In 1979, Lazio was sold to a Greek buyer and was renamed Sant Andrea. She was chartered in 1980 by Transazul Car Ferries, Port Vendres, France and used on the Port Vendres – Puerto de Alcudia, Mallorca, Spain route. In 1982, she was laid up in Perama, Greece. In June 1984, Sant Andrea was sold to Achaid Lines, Piraeus and renamed Makedonia. She was chartered to Panko Inc. in 1985 and renamed Summer Star. In April 1985, she entered service on the Patras – Igoumenitsa – Corfu – Brindisi route.

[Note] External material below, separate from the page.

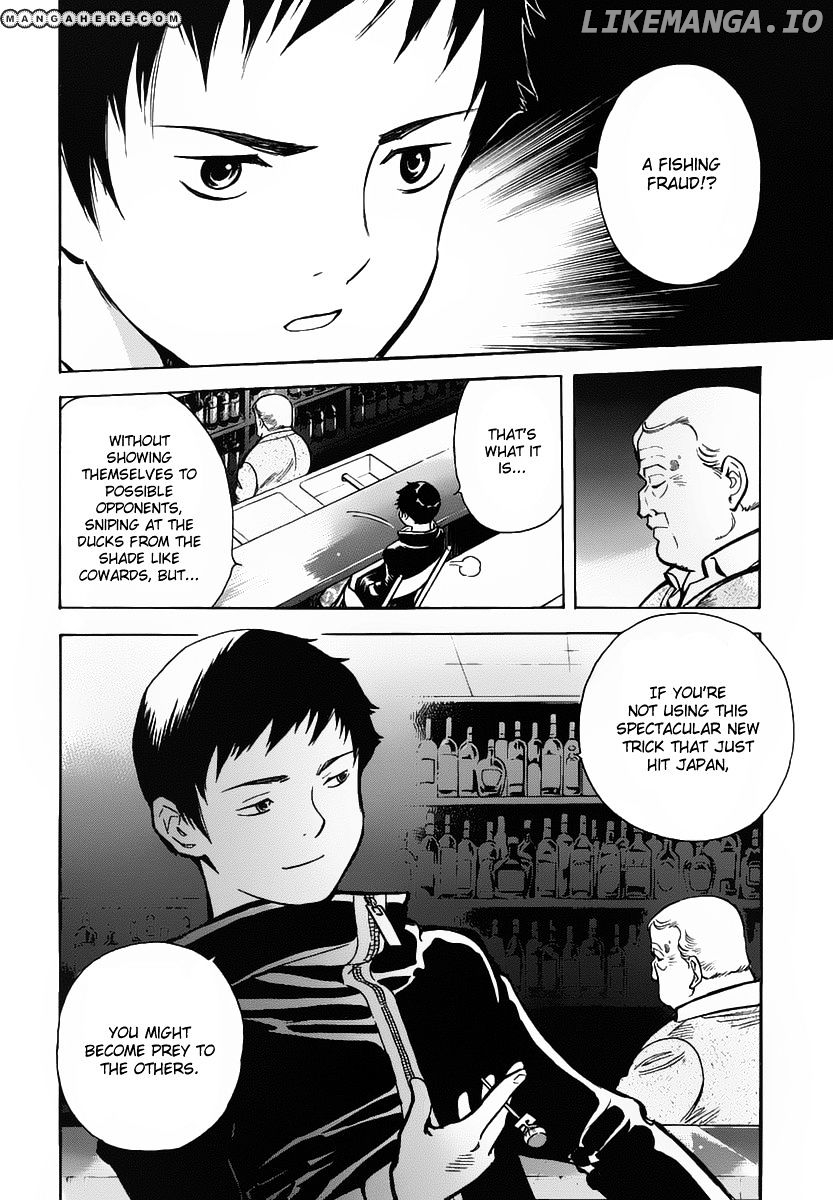 Kurosagi - Manga chapter 68 - page 18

In July 1985, Summer Star was arrested in Patras. Between August and October of that year, she was used on the Limassol – Beirut route. On 24 December 1985, Summer Star was laid up in Piraeus. In December 1986, following a takeover of her owners by Agapito Bros, Piraeus, she was renamed Corfu Diamond. During 1987, she served on the Brindisi – Patras route. In 1988, Corfu Diamond was sold to the Megacycle Shipping Co, Limassol, Cyprus and was renamed Larnaca Rose. In 1991, she was laid up in Piraeus. Larnaca Rose was reflagged to Panama in 1992 and renamed Avrasya. She entered service on the Ancona – Kuşadası route. In 1993, Avrasya was sold to Mirror Holdings SA, Panama. She operated routes on the Black Sea.

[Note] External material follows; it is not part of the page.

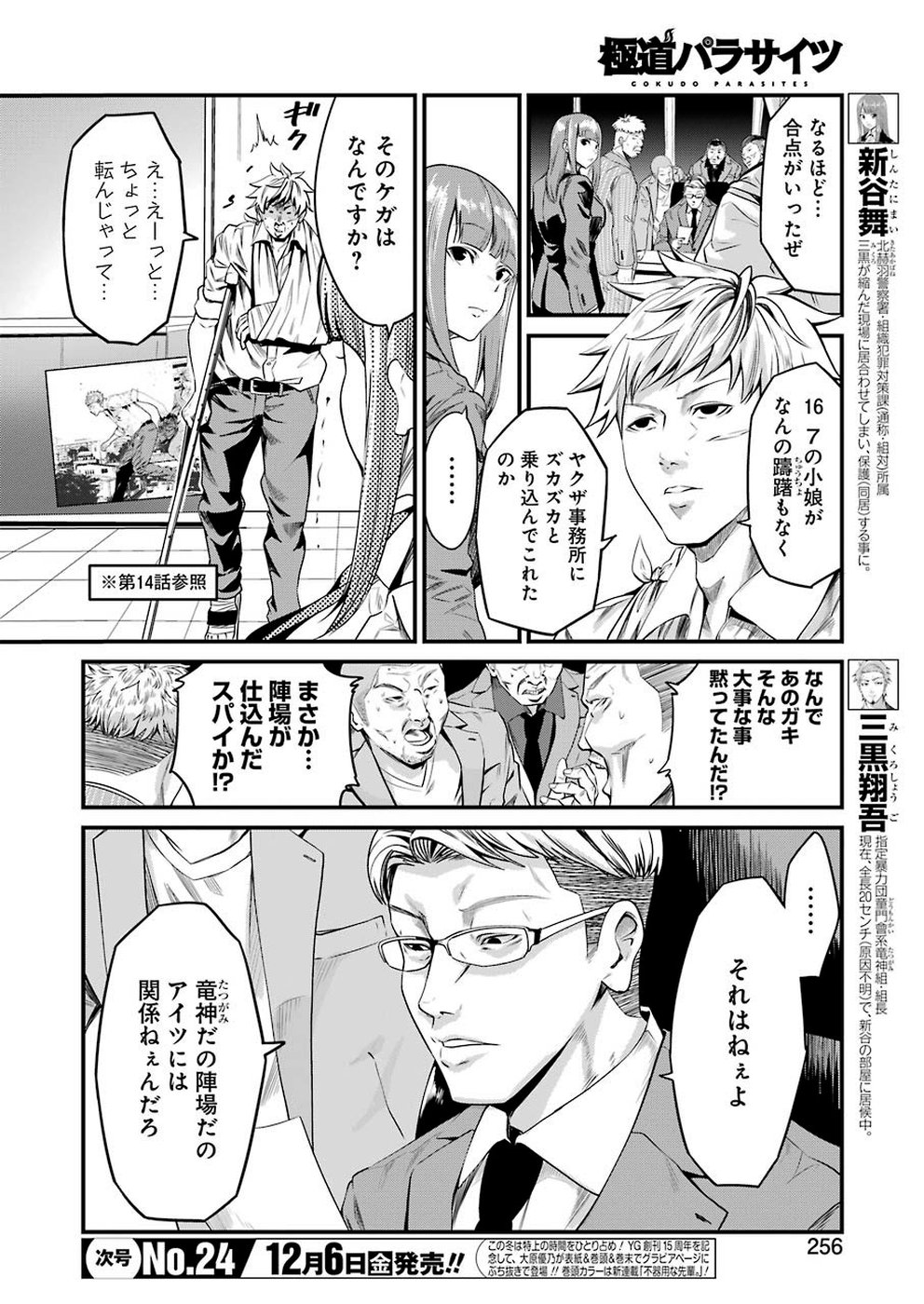 Gokudo Kyun Koi Chapter 16 4ページ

===Hijacking during Chechen War===

On 16 January 1996, Avrasya was hijacked at Trabzon, Turkey by six Turkish citizens descended from the Caucasus and two Chechen and one Abkhaz, led by Abkhaz Muhammed Tokcan.

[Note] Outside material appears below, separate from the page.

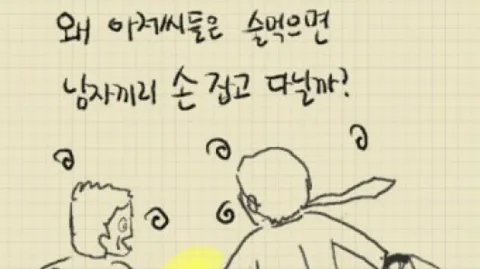 정모 대표 이미지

There were 45 crew and 120 passengers on board at the time. The hijackers threatened to kill a hostage every 10 minutes unless the captain of the ship revealed himself and agreed to sail out of port. The Turkish authorities did not prevent the ship from leaving port. The rebels threatened to sink the ship in the Bosporus Strait if fighting continued in Pervomayskoye. Two frigates and a destroyer of the Turkish Navy shadowed Avrasya. Negotiations with the hijackers failed to obtain the release of a diabetic police officer and a pregnant woman. The hijacking ended without bloodshed on 19 January and Avrasya put into Karadeniz Ereğli. Thirteen of the hostages were taken to hospital. On 21 January, she departed Karadeniz Ereğli for her original destination of Sochi, Russia. The hijackers who were Turkish citizens, Erdinç Tekir, Sedat Temiz, Ertan Coşkun, Muhammet Tokcan and Ceyhun Mollamehmetoğlu, were sentenced to eight years in prison for hijacking. Erdinç Tekir, Sedat Temiz, Ertan Coşkun, Ceyhun Mollamehmetoğlu served 4½ years in prison. Muhammet Tokcan was released from prison on 23 December 2000.

===Fate of the ship===
Following the hijacking, Avrasya was renamed Cortina. In 1997, she was renamed Avrasya I. She was sold for scrap later that year, arriving on 25 November at Aliağa, Turkey for scrapping.